At the commencement of the trading week, the Pound Sterling (GBP) sustains its upward momentum for the fifth consecutive session against the US Dollar (USD), with the GBP/USD pair surging to approximately 1.3480. This rally is largely attributed to sustained underperformance of the US Dollar, primarily due to escalating market expectations of interest rate reductions by the Federal Reserve (Fed). The US Dollar Index (DXY) declined by 0.17%, trading near 98.00, reflecting broad-based weakness in the Greenback.
Market sentiment increasingly anticipates a 25 basis point rate cut by the Fed during its September policy meeting, with the CME FedWatch Tool indicating an 88% probability.

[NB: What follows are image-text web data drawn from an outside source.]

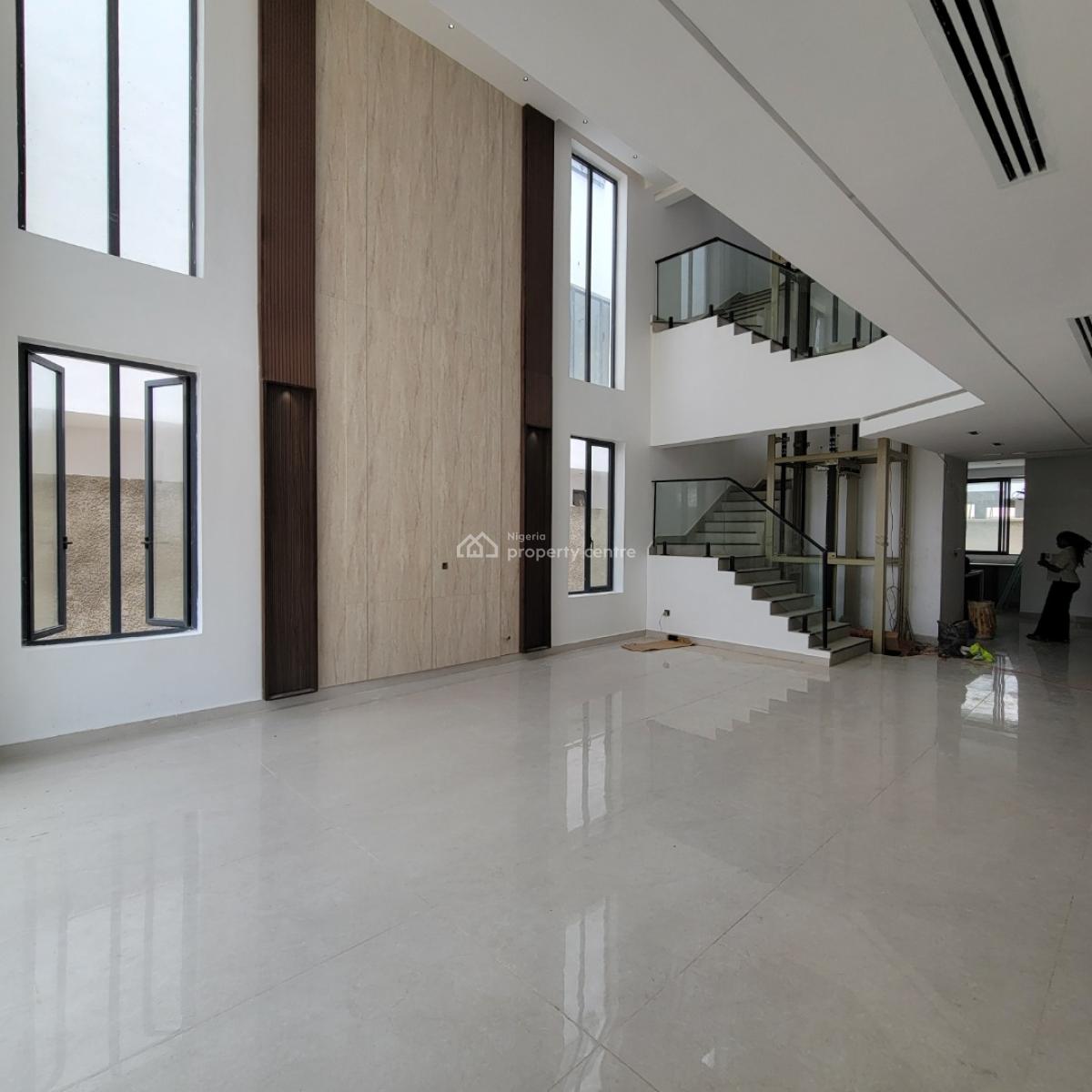 Newly Built 6 Bedroom Duplex with a Bq,pool,elevator, Lekki Phase 1, Lekki, Lagos, House for Sale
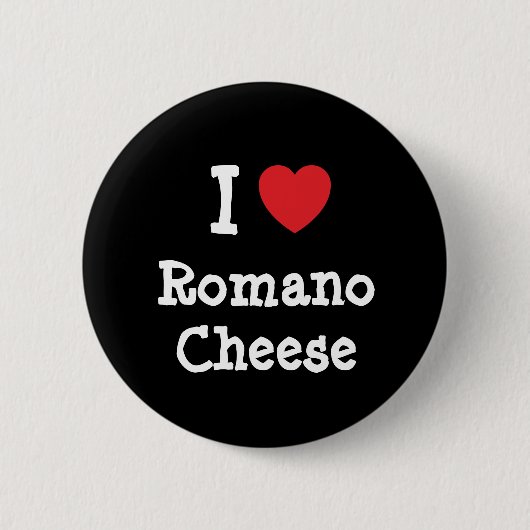 I Liebe Romano Käse T - Shirt Button (Vorderseite)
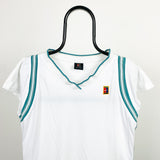 Vintage Nike Challenge Court Tennis Dress T-Shirt White XL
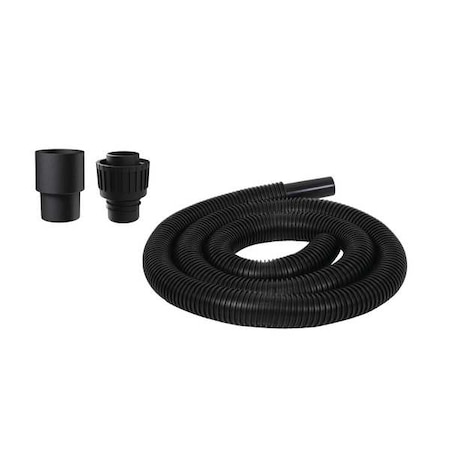 Vacuum Hose, 8 ft L, Black, Plastic MPN:61HW20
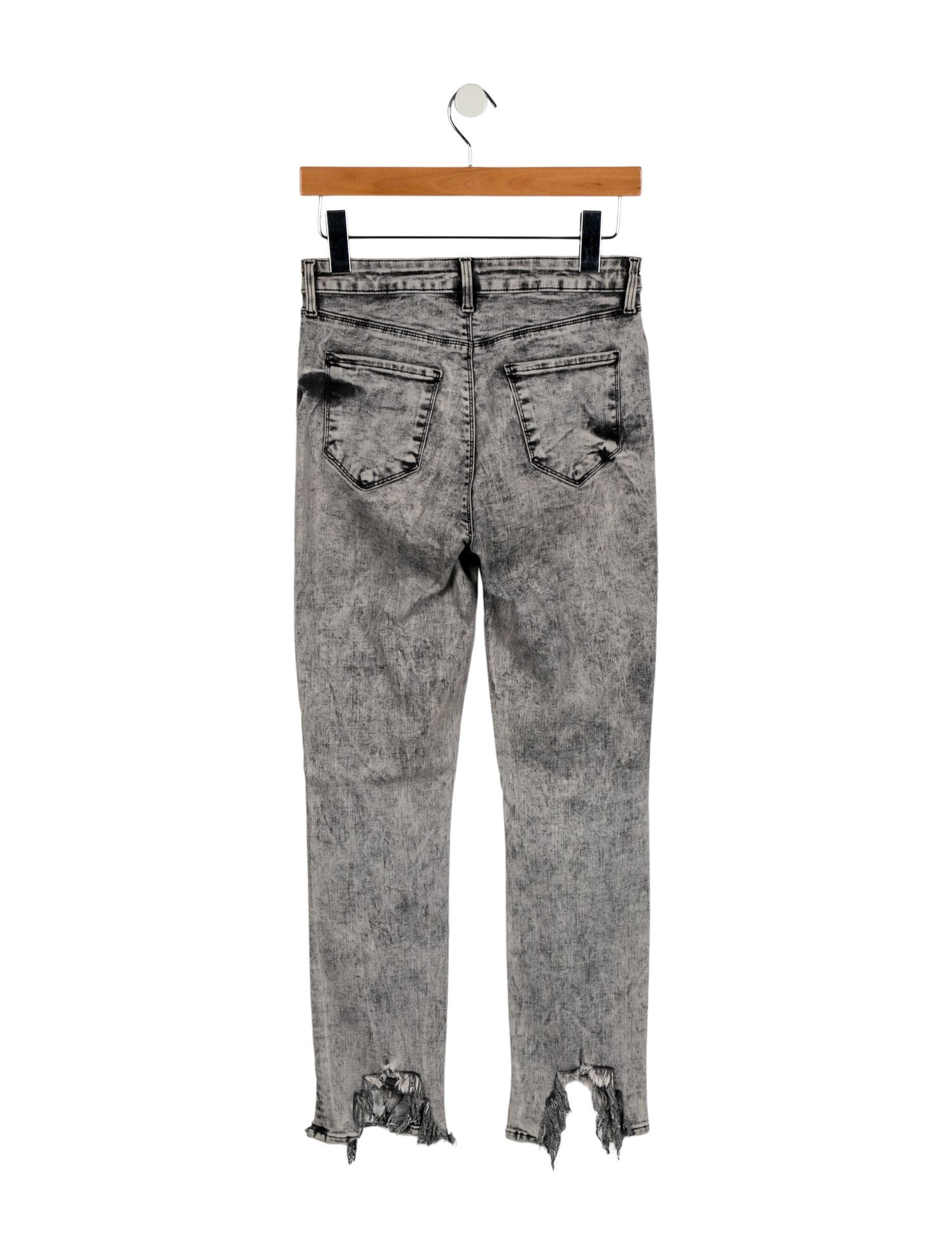 L'Agence Mid-Rise Straight Leg Jeans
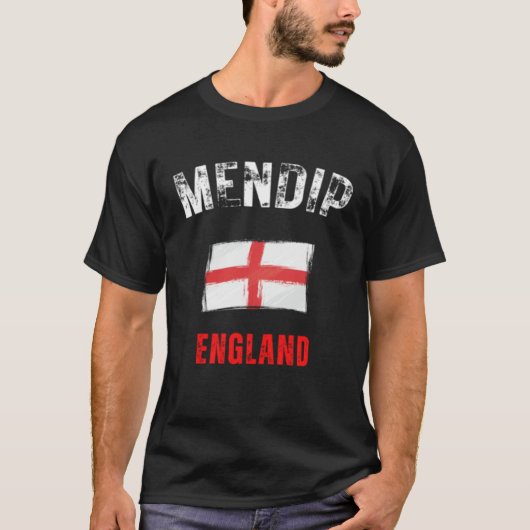 T-shirt MENDIP England Flag Badge (Devant)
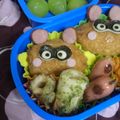 バコタさん's cooksnap of when they made 簡単！キャラ弁　たぬきおいなりさん弁当.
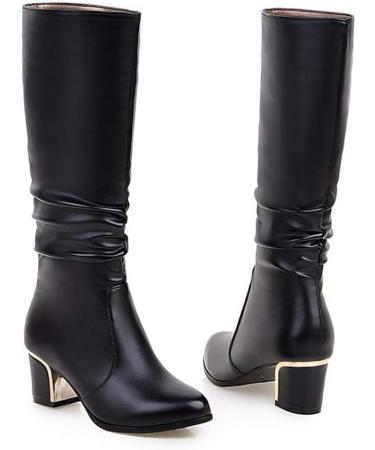 Shop Stylish Women's Halfange Lace-Up Boots - Black & Brown Leather Winter Footwear | Trendy & Warm | EU Size 39-47 - Buy Online on GoSupps.com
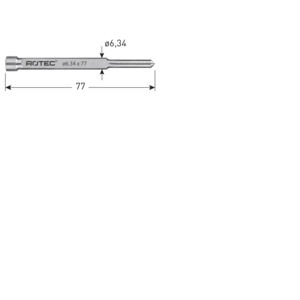 Rotec Rotec Uitwerpstift 30 mm - Ø6,34x77 mm - 545.0030 - 1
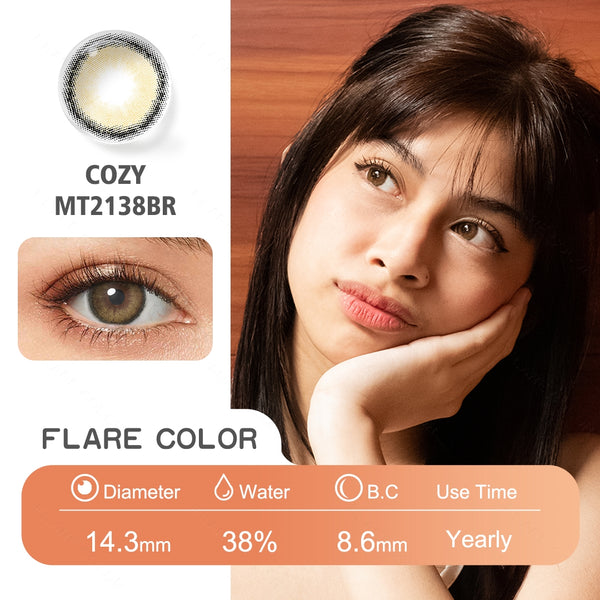Cozy Brown Colored Contacts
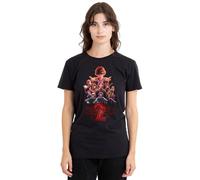 Stranger Things Season Two Poster Ladies T Shirt, Black, Small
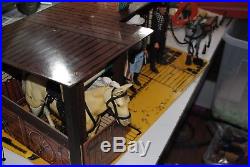 The Lone Ranger Rides Again Dodge City -playset -with Figures! Nice Set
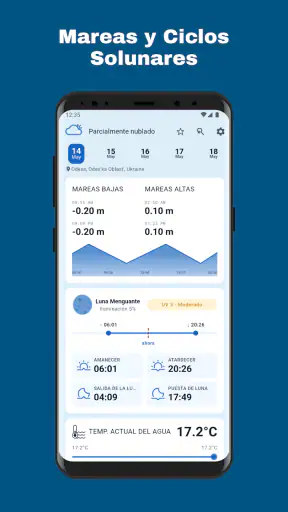 Mareas: Pronóstico y Viento screenshot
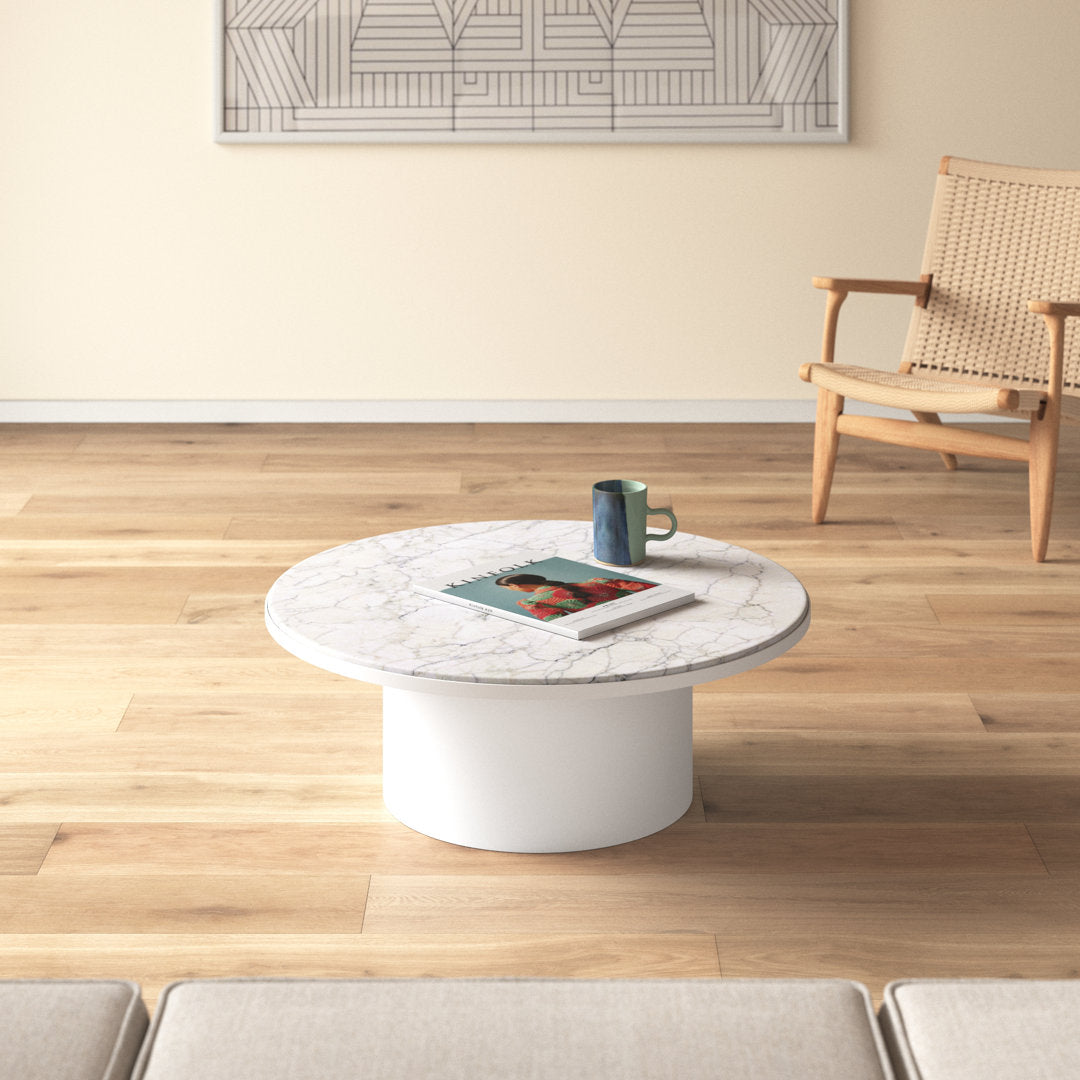 Plateau Coffee Table Blu Dot Table Base Color: White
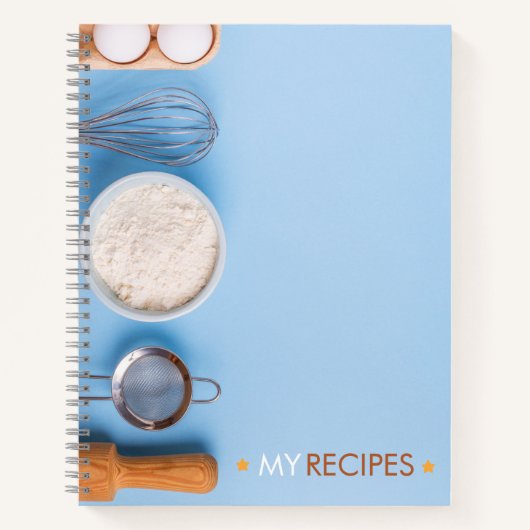 Blanco Recipbook om in te schrijven Notitieboek (Voorkant)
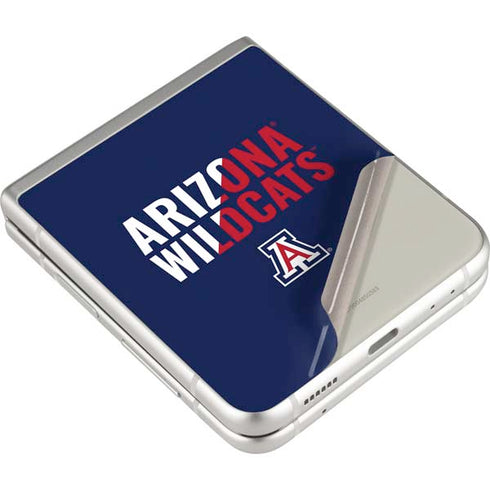 University of Arizona Wildcats Logo Split Blue Galaxy Z Flip4 5G Skin
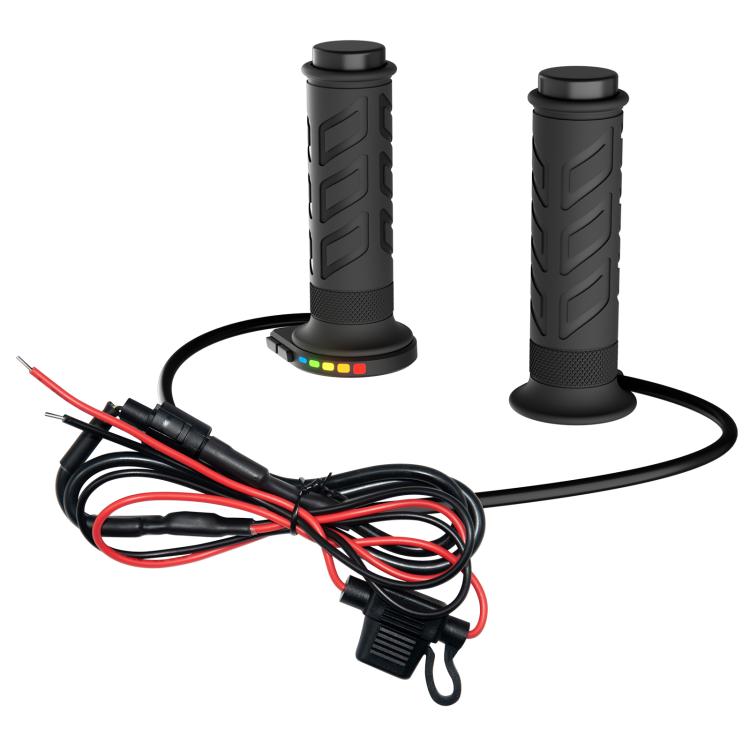 Rainbow Light ATV Heated Handlebars With Memory Function(Dual Switch/Right Hand 25mm) - Grips by buy2fix | Online Shopping UK | buy2fix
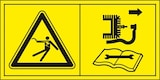 thumbnail of Aufkleber I Hinweisschild Elektrischer Schock, ISO 11684, Polyesterfolie, selbstklebend, 140x70mm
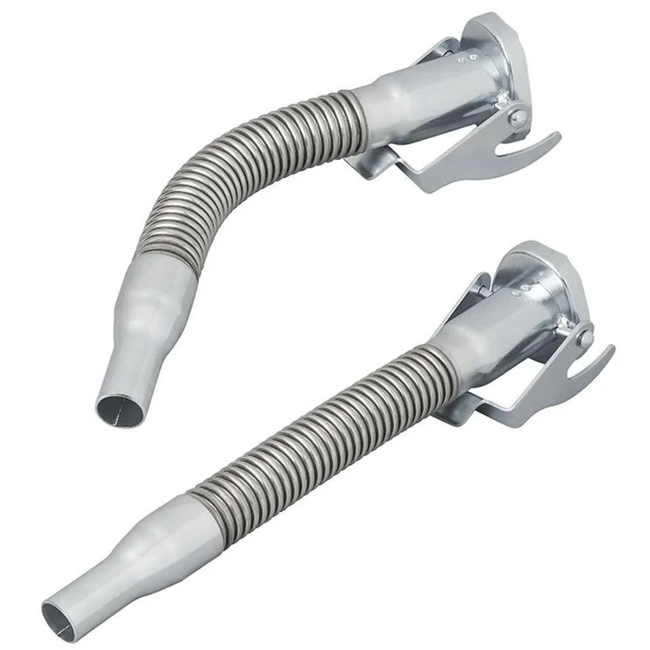 ProPlus Flexibele metalen schenktuit - 28 cm - zilver - voor militaire jerrycans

These expectations are reinforced by dovish commentary from Fed officials, including Governor Michelle Bowman, who cited the subdued July Nonfarm Payrolls report as justification for potentially implementing three rate cuts this year. The Fed appears more inclined to moderate its monetary policy amid softening labor market conditions.
Simultaneously, the Pound has benefitted from diminishing expectations of further monetary easing by the Bank of England (BoE). Following the central bank’s decision on Thursday to reduce rates by 25 basis points to 4%, its forward guidance signaled a “gradual and careful” approach to future cuts. Investor sentiment shifted accordingly, now anticipating the next cut in February rather than December. BoE Chief Economist Huw Pill emphasized a cautious outlook, noting inflation projections and uncertainty regarding the pace of subsequent rate reductions.
Looking ahead, market participants will closely monitor forthcoming macroeconomic releases. On Tuesday, the UK labor market data for the three months ending in June is expected, with the ILO Unemployment Rate projected to remain at 4.7%. Concurrently, US Consumer Price Index (CPI) data for July is anticipated to show headline and core inflation rising annually by 2.8% and 3.0%, respectively, reinforcing inflation persistence concerns.
Technically, the GBP/USD pair shows resilience, advancing above the 20-day Exponential Moving Average at 1.3408 and reaching a two-week high. The 14-day Relative Strength Index (RSI) has rebounded above the neutral 50.00 level, following a prolonged consolidation within the 20.00–40.00 range, suggesting a potential bullish reversal. Key technical levels include support near the August 1 low of 1.3140 and resistance around the July 23 high of 1.3585.